Light Magazine Issue

Why Can't We Get Along?

Christian Kindness in Divided Times

Dec 27, 2019

Volume 5, Issue 2 - "Why Can't We Get Along?"


Letter from the Editor

A few months ago I received a surprising email. The writer was apologizing for approaching me on Easter Sunday in 2016 over some political disagreements. She was a relative of a family in our church and had eagerly told me how wrong I was after she found out what I did for a living. 

The conversation had been a bit awkward as I listened to her heated opinions while I waited for our kids to chase pastel eggs on our church lawn. But I’d largely forgot this episode. 

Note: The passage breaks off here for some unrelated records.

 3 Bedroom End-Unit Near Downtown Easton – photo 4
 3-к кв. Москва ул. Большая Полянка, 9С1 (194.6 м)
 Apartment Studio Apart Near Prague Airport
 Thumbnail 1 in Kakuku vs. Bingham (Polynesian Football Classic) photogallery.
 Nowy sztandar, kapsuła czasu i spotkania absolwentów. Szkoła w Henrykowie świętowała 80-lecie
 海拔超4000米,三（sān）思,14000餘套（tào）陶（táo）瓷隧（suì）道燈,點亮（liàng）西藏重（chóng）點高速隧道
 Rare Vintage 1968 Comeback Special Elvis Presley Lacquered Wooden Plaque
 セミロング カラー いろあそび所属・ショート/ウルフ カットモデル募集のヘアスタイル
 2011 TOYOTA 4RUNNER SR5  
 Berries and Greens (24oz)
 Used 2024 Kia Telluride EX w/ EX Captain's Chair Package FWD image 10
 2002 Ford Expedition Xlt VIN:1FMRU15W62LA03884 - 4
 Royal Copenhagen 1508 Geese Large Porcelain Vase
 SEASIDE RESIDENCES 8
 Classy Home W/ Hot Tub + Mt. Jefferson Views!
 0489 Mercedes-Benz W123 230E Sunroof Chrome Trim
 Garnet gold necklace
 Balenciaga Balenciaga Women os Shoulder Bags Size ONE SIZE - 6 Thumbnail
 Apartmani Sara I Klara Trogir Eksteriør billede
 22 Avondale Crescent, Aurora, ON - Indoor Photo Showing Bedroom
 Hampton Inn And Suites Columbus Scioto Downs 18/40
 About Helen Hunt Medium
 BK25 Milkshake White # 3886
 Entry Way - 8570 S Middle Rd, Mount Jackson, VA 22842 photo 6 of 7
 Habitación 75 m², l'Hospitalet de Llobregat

Three years later, she wrote to me, remorseful for the way she had allowed politics to overtake her. In the years since that confrontation, she read some of my work, followed me on Twitter (!), and came to appreciate my ideas. I was quick to forgive and also apologized for the way that my own political opinions, expressed online during that heated season and in other forums, had often poisoned discourse among believers. 

I have been thinking about this whole episode quite a bit as we prepare this issue for publication. Civility is a buzz word these days as an exhausted electorate wearily stumbles toward another national election. And Christians—those who are charged with both declaring the truth and cultivating kindness—are, sadly, among the worst when it comes to civil discourse. This issue will explore why that is. 

We feature important new research about evangelicals and civility as well as essays from leading evangelical voices such as Andrew T. Walker, Trillia Newbell, and Russell Moore. We also feature the example of Prison Fellowship and civility in action across party lines and an interview with Josh Deckard and Michael Wear about their experiences in the White House. 

Of course, the first place we should begin is our own behavior. We need to look at our own hearts, listen to what we say, and watch what we type. Maybe we even begin by doing what seems hardest, what this lady who sent me the letter had the courage to do: say sorry. In a digital age, we have quick and easy access to shouting across our divides, but we can also just as quickly express remorse when our fingers have gotten ahead of our brains. 

So I hope this issue is a blessing to you. It’s a discussion among friends about ways we can do better at being kind. How can we stand up for the vulnerable, share the gospel, and defend the truth in a way that is distinctly Christian? Our prayer is that the words in this magazine ignite a conversation for a better way forward.